- _Your objective_: Leaving out all pictures, copy the lines below exactly, from the line with "Якета - 20658267" to the last line, both ends included.

Stored data entries
== Segment start ==
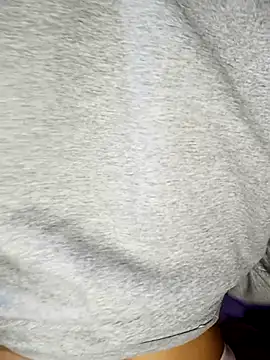 MoonBlueSex's cam snapshot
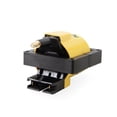 thumbnail image 2 of ACCEL Ignition 140012 Ignition Coil, 2 of 6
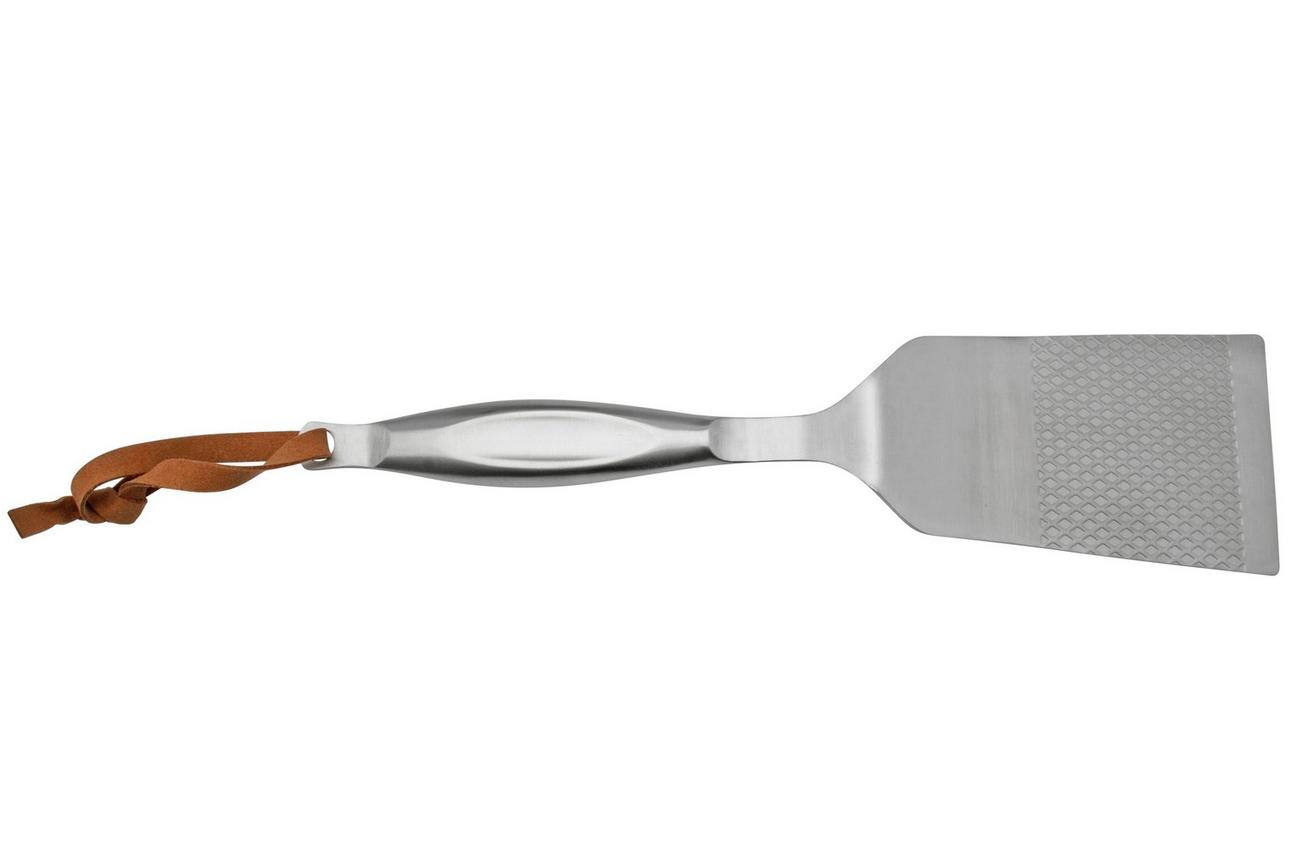 Boska Monaco  320043 BBQ Flipper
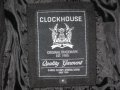 Палто CLOCKHOUSE   мъжко,м, снимка 1 - Якета - 20658267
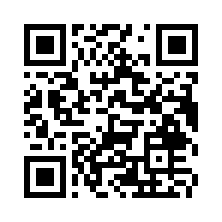 QR Code for 1Nspr3az89dYY5HSZi81eAXJgUR57pkWQR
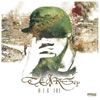 B.I.G.JOE[?ARS EP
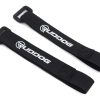 Charging * | Ruddog 4S Battery Hook & Loop Strap (2)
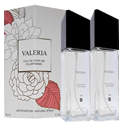 Valeria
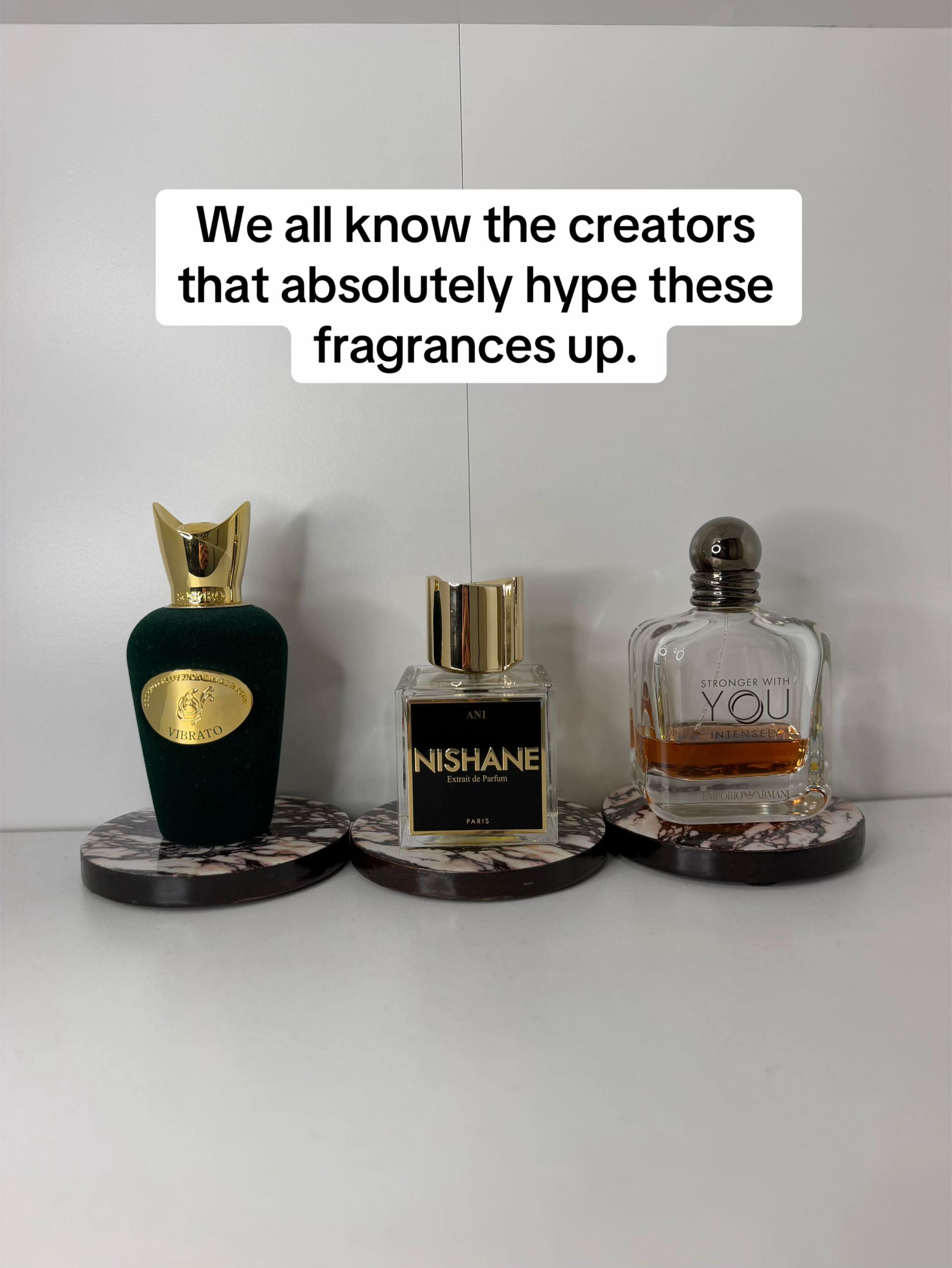 @Chubby Minion Fragrances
== Segment end ==
- _Your solution_:
 Палто CLOCKHOUSE   мъжко,м, снимка 1 - Якета - 20658267
 QR Code for 1Nspr3az89dYY5HSZi81eAXJgUR57pkWQR
 B.I.G.JOE[?ARS EP
 Charging * | Ruddog 4S Battery Hook & Loop Strap (2)
 Valeria
 @Chubby Minion Fragrances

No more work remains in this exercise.